Saved data entries
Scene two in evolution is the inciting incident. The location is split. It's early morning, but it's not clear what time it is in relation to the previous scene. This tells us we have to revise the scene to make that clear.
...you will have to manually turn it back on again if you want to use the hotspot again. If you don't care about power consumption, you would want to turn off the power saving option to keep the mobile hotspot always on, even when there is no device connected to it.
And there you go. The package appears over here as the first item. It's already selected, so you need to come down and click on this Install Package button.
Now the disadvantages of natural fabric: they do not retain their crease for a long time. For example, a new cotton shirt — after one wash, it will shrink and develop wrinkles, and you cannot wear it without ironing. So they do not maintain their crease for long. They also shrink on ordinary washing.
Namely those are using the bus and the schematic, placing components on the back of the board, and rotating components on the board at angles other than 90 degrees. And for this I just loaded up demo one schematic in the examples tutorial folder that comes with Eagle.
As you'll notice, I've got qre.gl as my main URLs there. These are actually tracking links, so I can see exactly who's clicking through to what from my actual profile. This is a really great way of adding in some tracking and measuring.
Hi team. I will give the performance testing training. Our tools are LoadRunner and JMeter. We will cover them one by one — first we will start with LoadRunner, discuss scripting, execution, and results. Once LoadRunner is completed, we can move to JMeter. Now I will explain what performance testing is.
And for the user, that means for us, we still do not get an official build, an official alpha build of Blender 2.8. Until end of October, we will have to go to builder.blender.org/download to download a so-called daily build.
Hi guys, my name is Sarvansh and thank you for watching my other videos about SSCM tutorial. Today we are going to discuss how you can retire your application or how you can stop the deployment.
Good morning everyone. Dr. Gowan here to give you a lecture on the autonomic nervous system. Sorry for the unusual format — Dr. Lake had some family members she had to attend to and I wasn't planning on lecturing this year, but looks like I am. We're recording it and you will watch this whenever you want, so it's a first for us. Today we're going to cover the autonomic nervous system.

• _Required action_
Show every line from the entries that includes the word "other".

• _Your response_
Namely those are using the bus and the schematic, placing components on the back of the board, and rotating components on the board at angles other than 90 degrees. And for this I just loaded up demo one schematic in the examples tutorial folder that comes with Eagle.
Hi guys, my name is Sarvansh and thank you for watching my other videos about SSCM tutorial. Today we are going to discuss how you can retire your application or how you can stop the deployment.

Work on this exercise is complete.